### What you will do:
Once the pictures have been removed, repeat the remainder of the records exactly.

### Data:
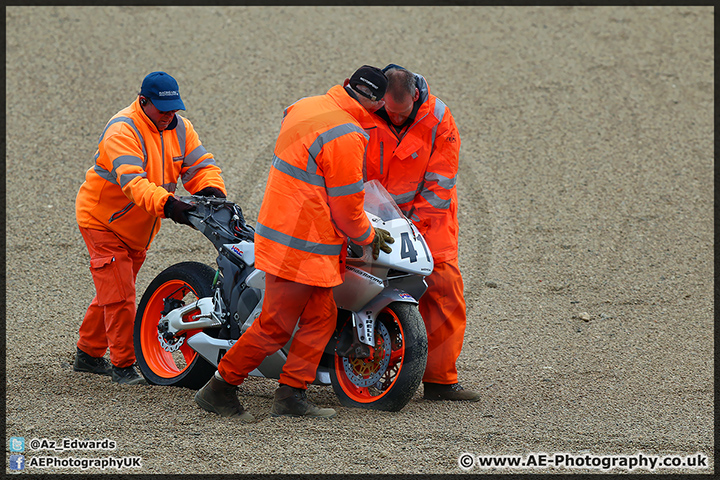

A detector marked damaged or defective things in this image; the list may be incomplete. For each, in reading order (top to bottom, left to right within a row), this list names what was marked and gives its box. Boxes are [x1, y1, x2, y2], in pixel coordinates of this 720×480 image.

crashed bike [133, 180, 430, 412]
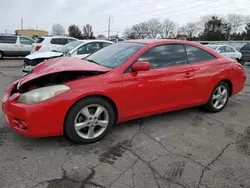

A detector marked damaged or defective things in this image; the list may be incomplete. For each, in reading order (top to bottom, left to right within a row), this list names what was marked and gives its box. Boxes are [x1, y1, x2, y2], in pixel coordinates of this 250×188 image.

damaged front end [9, 71, 105, 104]
crumpled hood [18, 57, 110, 86]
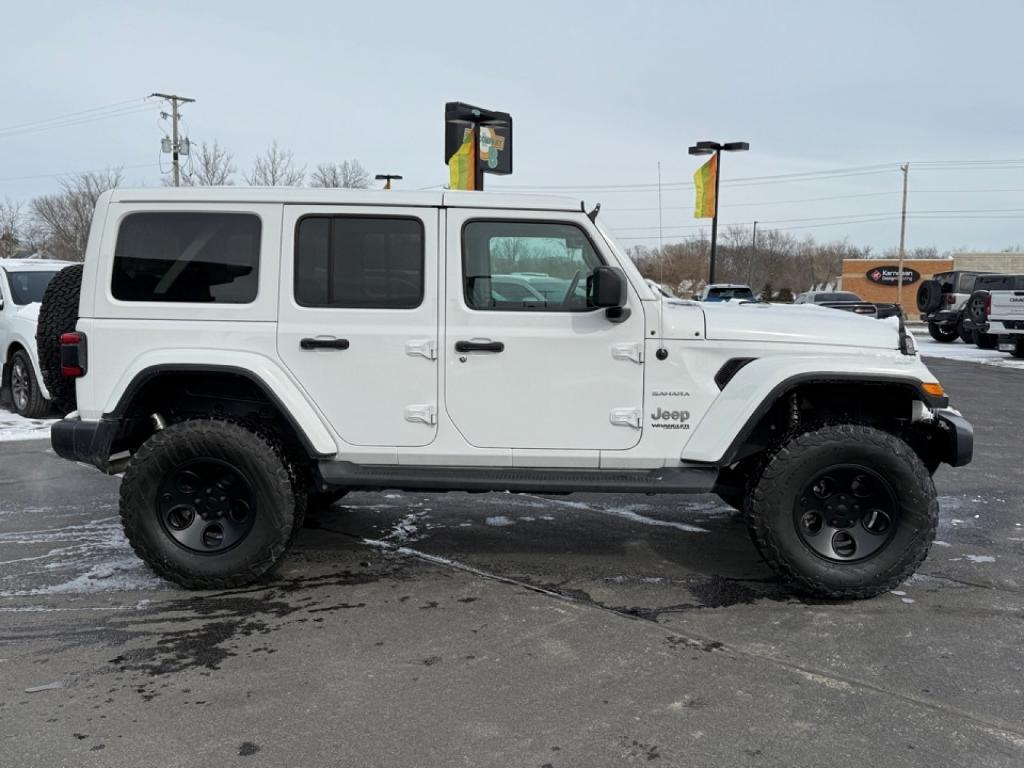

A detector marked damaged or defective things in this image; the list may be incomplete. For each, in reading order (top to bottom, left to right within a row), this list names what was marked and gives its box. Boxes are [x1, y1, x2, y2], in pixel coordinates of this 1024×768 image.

cracked asphalt [0, 358, 1019, 765]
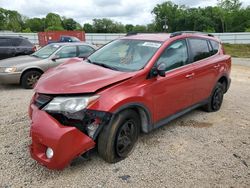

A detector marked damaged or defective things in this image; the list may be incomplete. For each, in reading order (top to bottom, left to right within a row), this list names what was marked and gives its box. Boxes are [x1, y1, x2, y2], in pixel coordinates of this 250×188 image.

crumpled hood [34, 59, 137, 94]
damaged front bumper [28, 103, 111, 170]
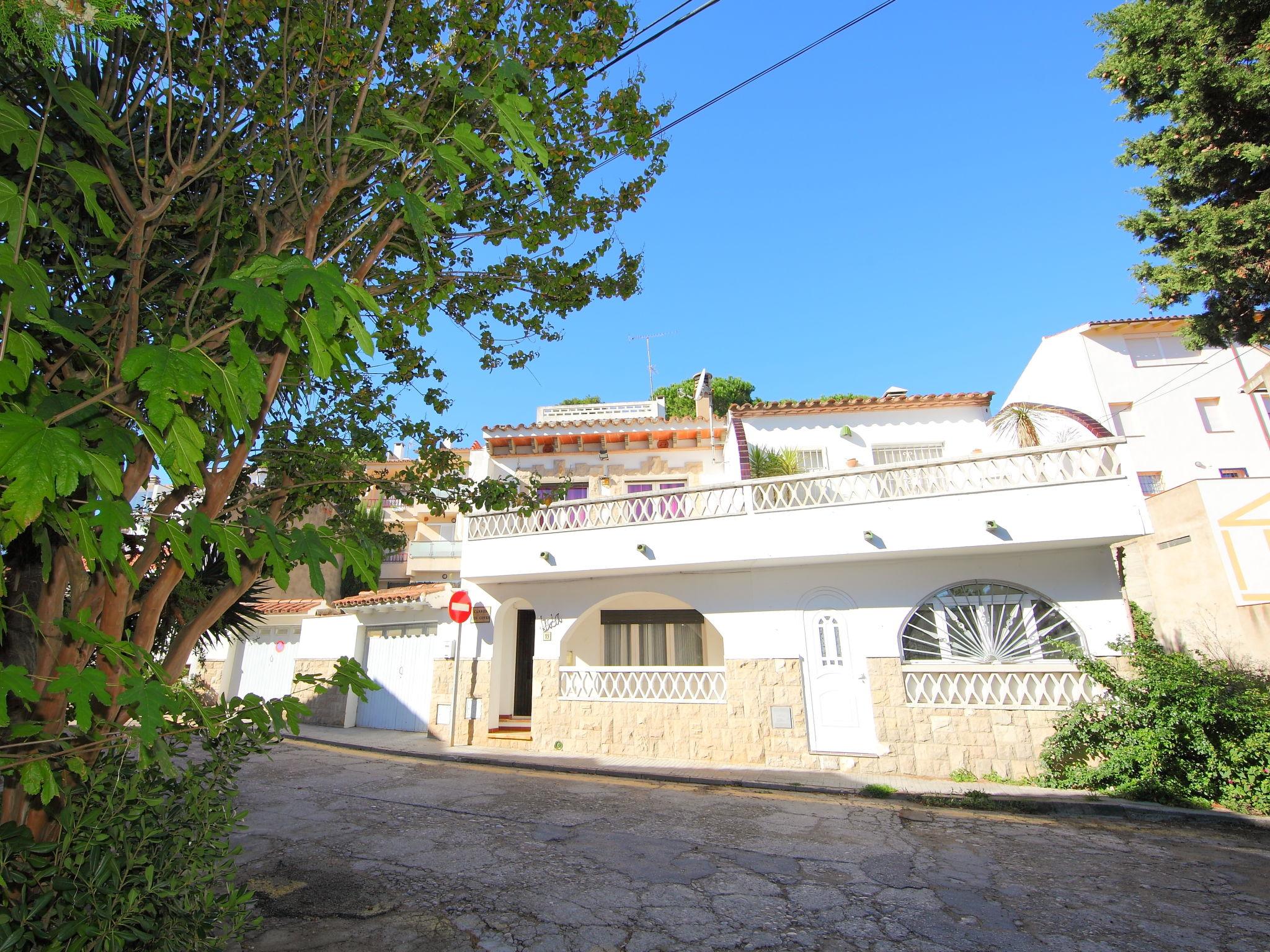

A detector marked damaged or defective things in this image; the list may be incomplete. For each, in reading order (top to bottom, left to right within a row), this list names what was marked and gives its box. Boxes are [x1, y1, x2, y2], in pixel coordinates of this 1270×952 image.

cracked asphalt road [233, 744, 1270, 952]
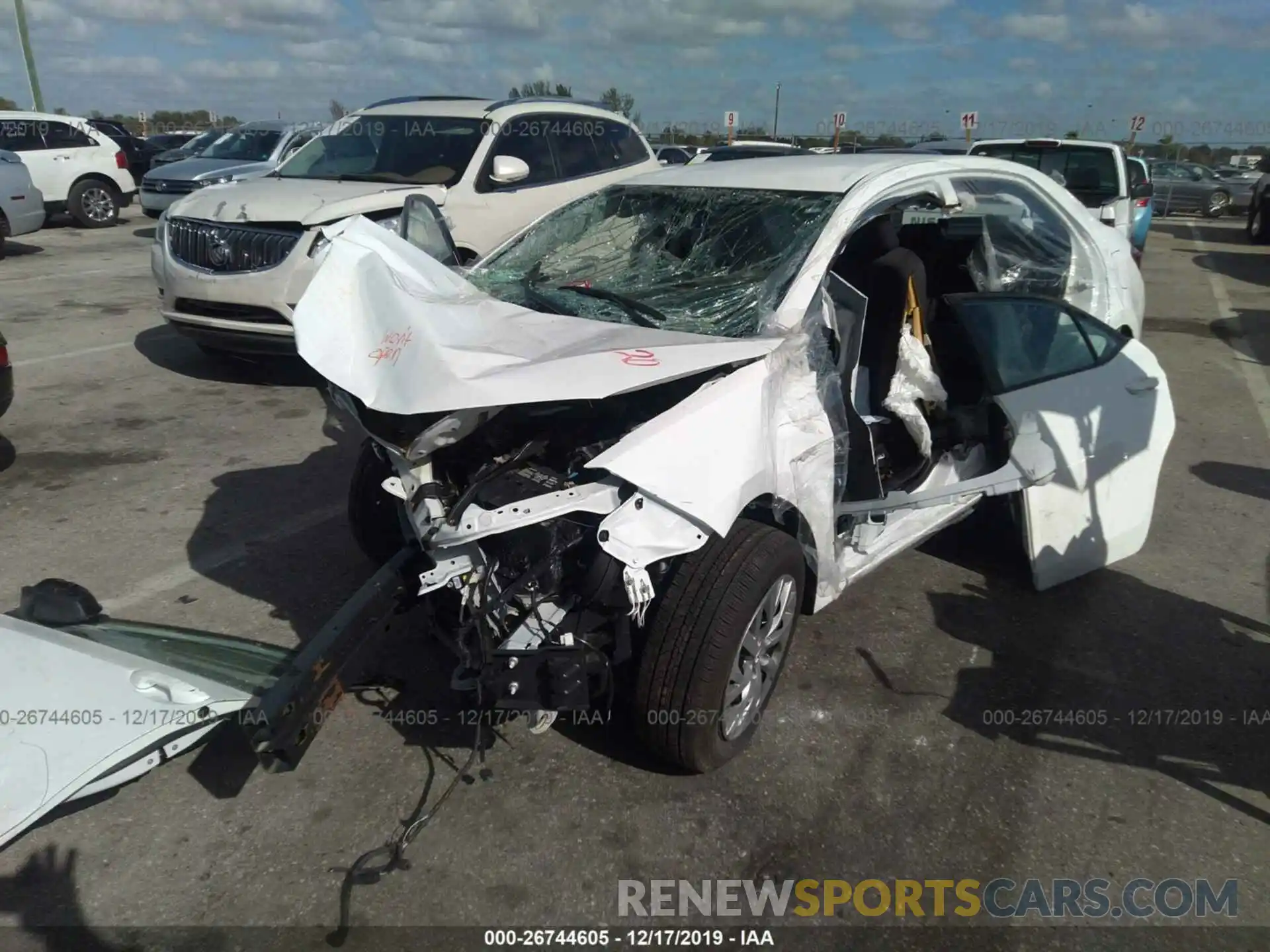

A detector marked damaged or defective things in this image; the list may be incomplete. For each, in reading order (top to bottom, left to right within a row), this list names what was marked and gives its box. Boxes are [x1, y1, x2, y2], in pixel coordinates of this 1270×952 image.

crushed hood [166, 177, 446, 227]
detached white hood on ground [290, 217, 782, 416]
crushed hood [292, 217, 782, 416]
shattered windshield [467, 184, 843, 337]
white damaged sedan [290, 151, 1168, 777]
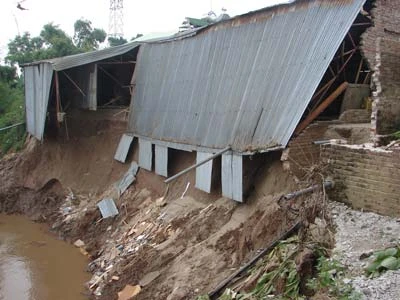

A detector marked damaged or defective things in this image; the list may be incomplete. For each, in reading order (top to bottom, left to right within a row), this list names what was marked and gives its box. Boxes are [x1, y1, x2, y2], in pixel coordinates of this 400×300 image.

rusty corrugated panel [129, 0, 366, 154]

### Answer below:
A detector marked damaged or defective things in this image; the list may be incomplete. For each, in reading order (top to bottom, left to right within a row), this list names what was marked and gives its box. Boxes are [x1, y1, x2, y2], in pixel coordinates of this 720×480 image.

crashed bike [133, 180, 430, 412]

A detector marked damaged or defective things in this image; the list may be incomplete. For each, in reading order (top to bottom, left to right within a row), this list names what was marked and gives its box. Boxes are [x1, y1, x2, y2], in pixel coordinates of this 250×188 image.

damaged front end [9, 71, 105, 104]
crumpled hood [18, 57, 110, 86]

A detector marked damaged or defective things in this image; the list may be incomplete. For each, in reading order (top to bottom, left to right within a row), this list names what was marked and gives its box. Boxes are [x1, y1, x2, y2], in pixel coordinates of this 1024×768 image.

cracked asphalt [0, 358, 1019, 765]

A detector marked damaged or defective things in this image; the list may be incomplete. For each, in reading order (top to bottom, left to right within a row), this list names what was marked and gives its box. Boxes are [x1, y1, x2, y2], in pixel coordinates of this 250×188 image.

crumpled hood [34, 59, 137, 94]
damaged front bumper [28, 103, 111, 170]

A detector marked damaged or defective things in this image; the list may be incomplete. For each, in reading order (top to bottom, left to right within a row), this list names what was marked and gives its box. Boxes are [x1, y1, x2, y2], in pixel coordinates of this 1270×952 image.

cracked asphalt road [233, 744, 1270, 952]

A detector marked damaged or defective things in this image; the list may be incomplete. For each, in reading order (top to bottom, left to right within a row), this list names what was marked and gives its box. Boxes are [x1, y1, x2, y2], in pixel coordinates of this 1270×952 image.

crushed hood [166, 177, 446, 227]
detached white hood on ground [290, 217, 782, 416]
crushed hood [292, 217, 782, 416]
shattered windshield [467, 184, 843, 337]
white damaged sedan [290, 151, 1168, 777]

A detector marked damaged or defective things in this image; the list may be incomplete. For each, in reading order (top to bottom, left to right within a row), this list names what was marked and gives its box. Boxes are [x1, y1, x2, y2], in pixel coordinates of this 400×300 image.

rusty corrugated panel [129, 0, 366, 154]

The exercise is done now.